EXERCISE AIM.
Repeat the listing below verbatim, without its images.

RAW DATA.
§ §

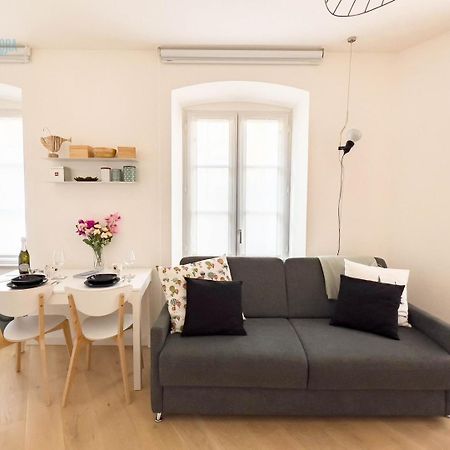 Ferienwohnung Corridoni 2B Tirabora Short Rent Triest Exterior foto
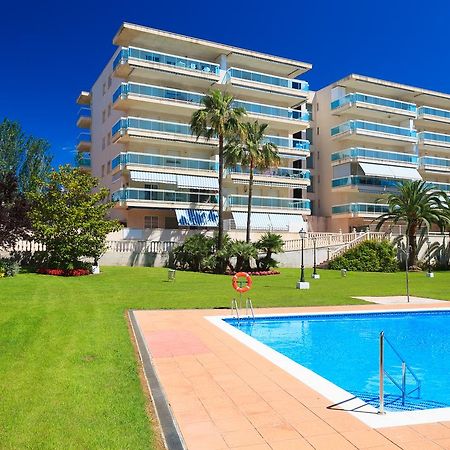 Uhc Village Park Apartments Salou Bagian luar foto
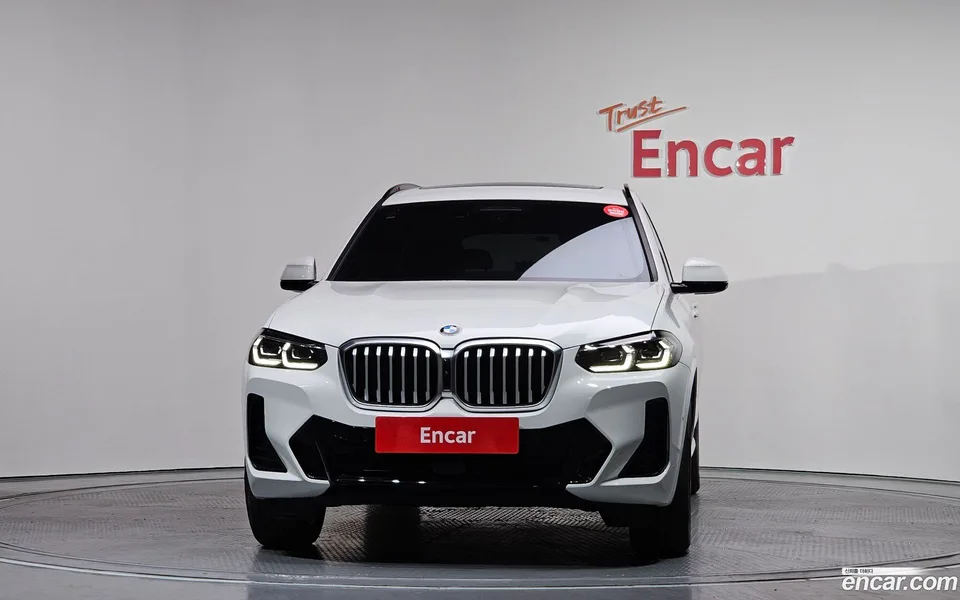 BMW X3 xDrive 20i M 2023 — миниатюра 3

§ §

RESPONSE.
 Ferienwohnung Corridoni 2B Tirabora Short Rent Triest Exterior foto
 Uhc Village Park Apartments Salou Bagian luar foto
 BMW X3 xDrive 20i M 2023 — миниатюра 3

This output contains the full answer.